▶ Exercise: Here the job is to transcribe the data exactly while omitting the images.

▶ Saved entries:
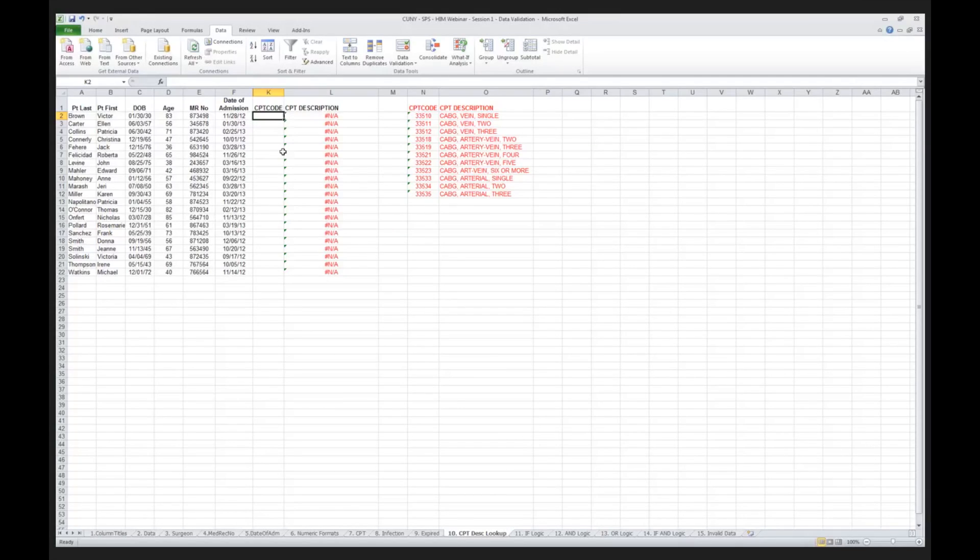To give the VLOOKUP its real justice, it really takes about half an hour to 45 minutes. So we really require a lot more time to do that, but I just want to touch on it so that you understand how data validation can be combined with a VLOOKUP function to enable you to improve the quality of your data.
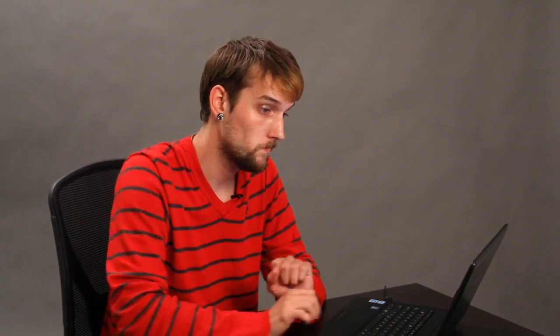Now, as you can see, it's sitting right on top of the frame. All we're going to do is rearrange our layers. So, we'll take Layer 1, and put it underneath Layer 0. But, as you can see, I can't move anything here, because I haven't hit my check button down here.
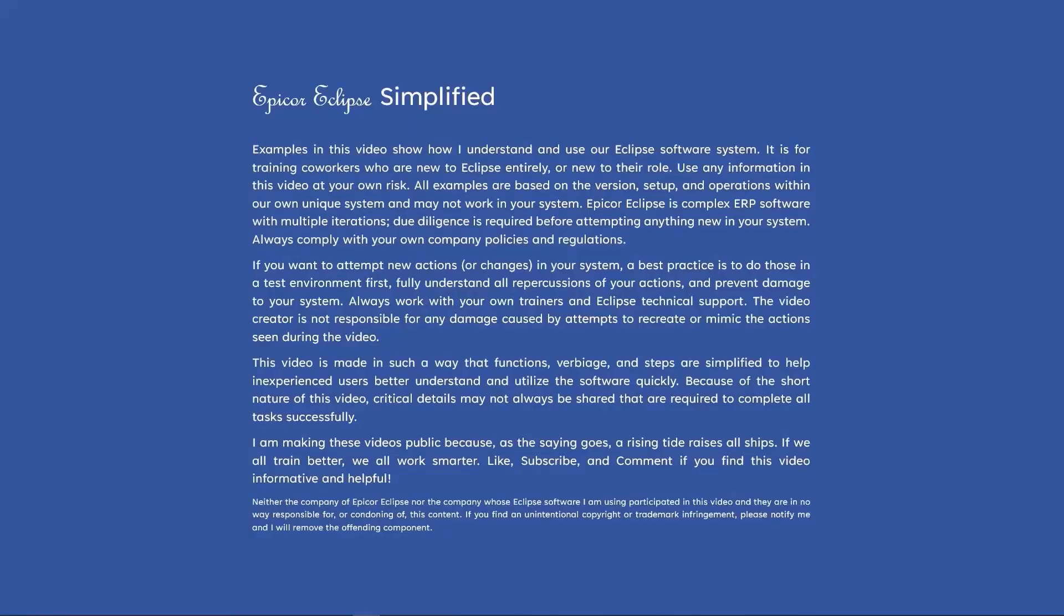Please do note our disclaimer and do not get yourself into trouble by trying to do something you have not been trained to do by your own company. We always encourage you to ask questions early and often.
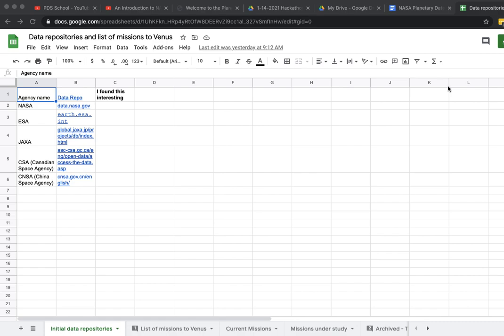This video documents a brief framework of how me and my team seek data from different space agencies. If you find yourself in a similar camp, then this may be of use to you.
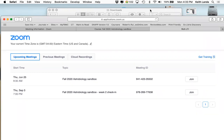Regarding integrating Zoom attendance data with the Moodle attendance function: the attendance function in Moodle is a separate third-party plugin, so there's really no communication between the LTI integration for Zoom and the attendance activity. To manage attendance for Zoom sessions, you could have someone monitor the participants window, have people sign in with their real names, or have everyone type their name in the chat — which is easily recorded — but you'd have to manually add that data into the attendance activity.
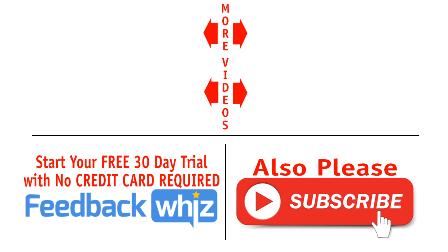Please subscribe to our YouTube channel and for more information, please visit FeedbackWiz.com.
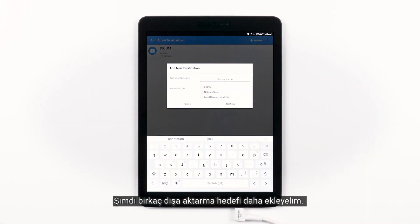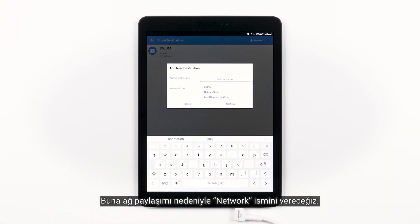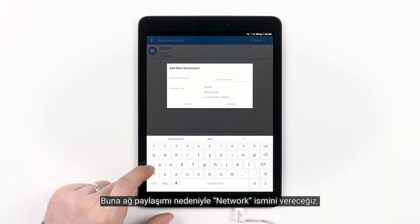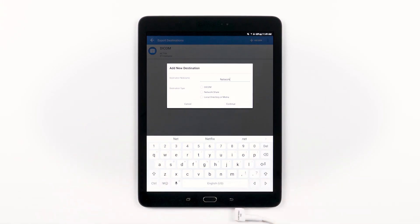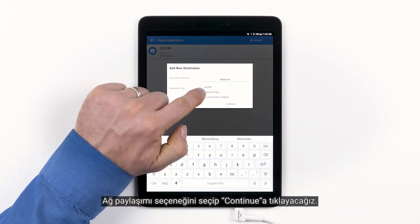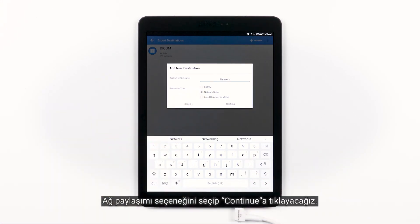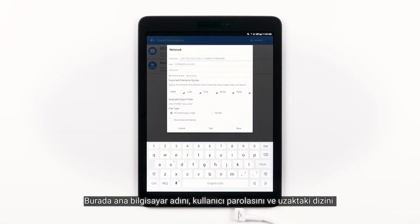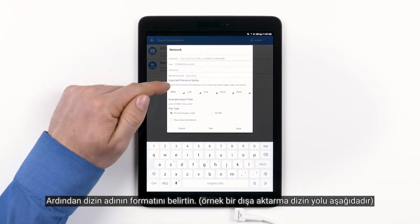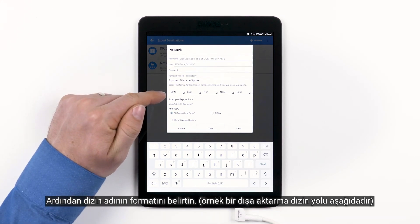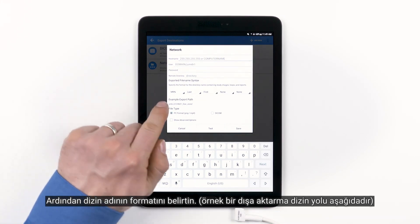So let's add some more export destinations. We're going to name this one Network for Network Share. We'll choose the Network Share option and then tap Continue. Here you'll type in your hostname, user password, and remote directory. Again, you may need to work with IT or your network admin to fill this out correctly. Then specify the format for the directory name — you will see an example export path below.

▶ Exercise response:
To give the VLOOKUP its real justice, it really takes about half an hour to 45 minutes. So we really require a lot more time to do that, but I just want to touch on it so that you understand how data validation can be combined with a VLOOKUP function to enable you to improve the quality of your data.
Now, as you can see, it's sitting right on top of the frame. All we're going to do is rearrange our layers. So, we'll take Layer 1, and put it underneath Layer 0. But, as you can see, I can't move anything here, because I haven't hit my check button down here.
Please do note our disclaimer and do not get yourself into trouble by trying to do something you have not been trained to do by your own company. We always encourage you to ask questions early and often.
This video documents a brief framework of how me and my team seek data from different space agencies. If you find yourself in a similar camp, then this may be of use to you.
Regarding integrating Zoom attendance data with the Moodle attendance function: the attendance function in Moodle is a separate third-party plugin, so there's really no communication between the LTI integration for Zoom and the attendance activity. To manage attendance for Zoom sessions, you could have someone monitor the participants window, have people sign in with their real names, or have everyone type their name in the chat — which is easily recorded — but you'd have to manually add that data into the attendance activity.
Please subscribe to our YouTube channel and for more information, please visit FeedbackWiz.com.
So let's add some more export destinations. We're going to name this one Network for Network Share. We'll choose the Network Share option and then tap Continue. Here you'll type in your hostname, user password, and remote directory. Again, you may need to work with IT or your network admin to fill this out correctly. Then specify the format for the directory name — you will see an example export path below.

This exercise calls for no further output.